My world, Gavanna, spins through the spacetime of a not-terribly-unfamiliar universe, whose laws of physics don't differ from those of our own universe (or if they do, they differ so slightly that only academic interest could be found in the variations).  The speed of light is 3.00•10^8 meters per second, Planck's constant is 6.626•10^-34 Joules times seconds, and the gravitational constant, whatever the gravitational constant is in our universe.   Six point sumfinoruvver times 10^-11 meters cubed per kilogram per second squared.  Doesn't matter, you get the picture.  It should be noted, incidentally, that I don't currently know whether Gavanna actually is in our universe, or whether it's just in a suspiciously similar universe right next door.  It's somewhere and somewhen, and the somewhere, at least, would be familiar to any mote of interstellar hydrogen within Earth's recent lightcone.

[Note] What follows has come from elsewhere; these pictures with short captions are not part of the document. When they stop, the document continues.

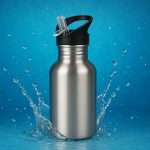 Süblimasyon Baskıya Uygun Kopçalı Pipetli Alüminyum Matara – 600ml - Görsel 3
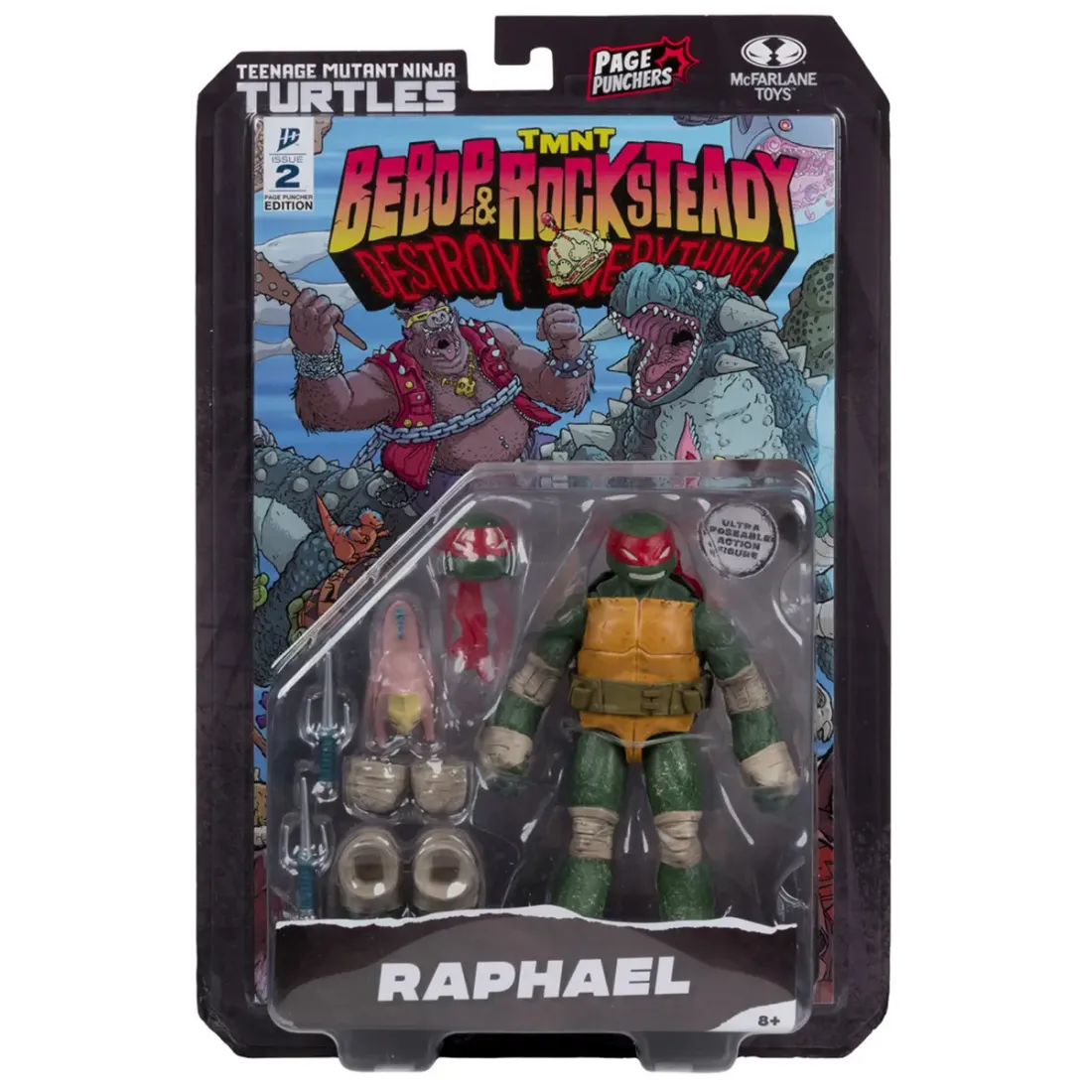 Фигурка Черепашки Ниндзя with Comic WaVe2 Raphael 11348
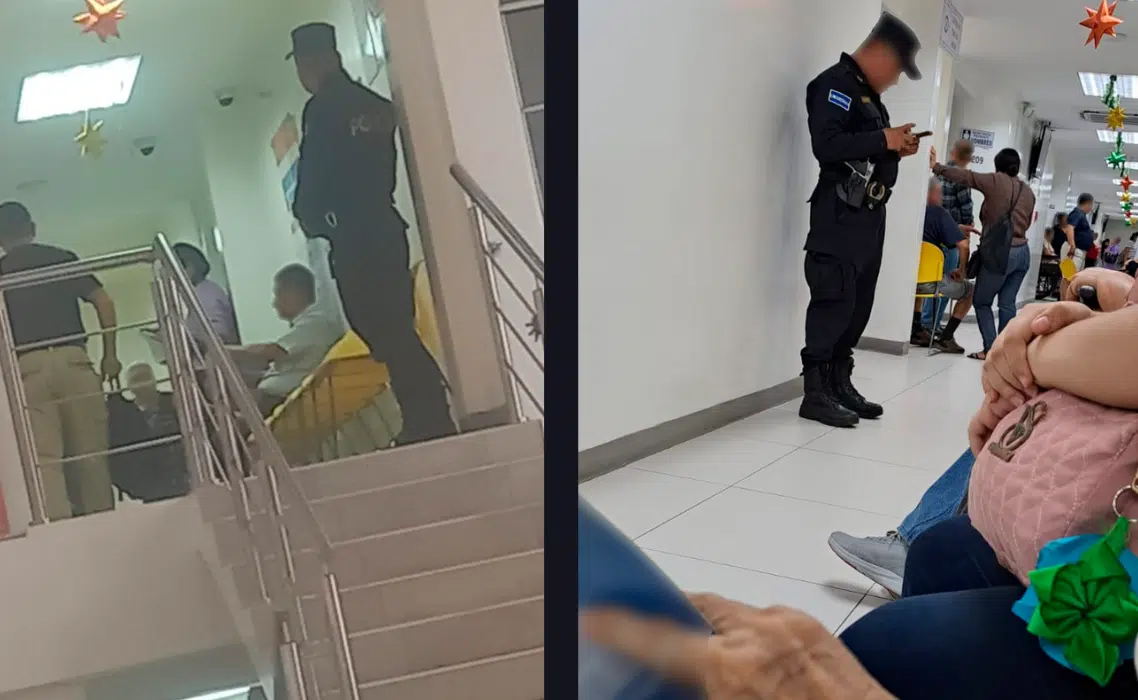Police Assumes Security Duties at ISSS — Policía Nacional Civil asume la seguridad en el ISSS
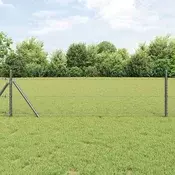 Sukladni osnovni dodatak za hexagonalnu ogradu 25 x 0,6 m Siva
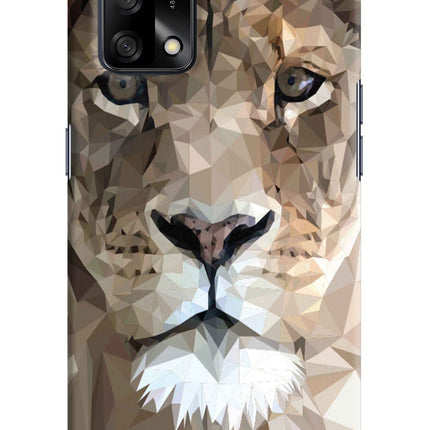 Lion Art Oppo F19/F19s Hard Case Back Cover by Casekaro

But not the somewhen.  Gavanna is a world of a far older universe than ours, a universe that celebrated its 13.8 billionth birthday many, many, many billions of years ago.  The longest, reddest, tiredest photons of light in this universe are...well, I must be cagey in some way, mustn't I?  Let's just say they've traversed a good three hundred billion lightyears of space, but haven't yet wriggled their way past a round trillion lightyears.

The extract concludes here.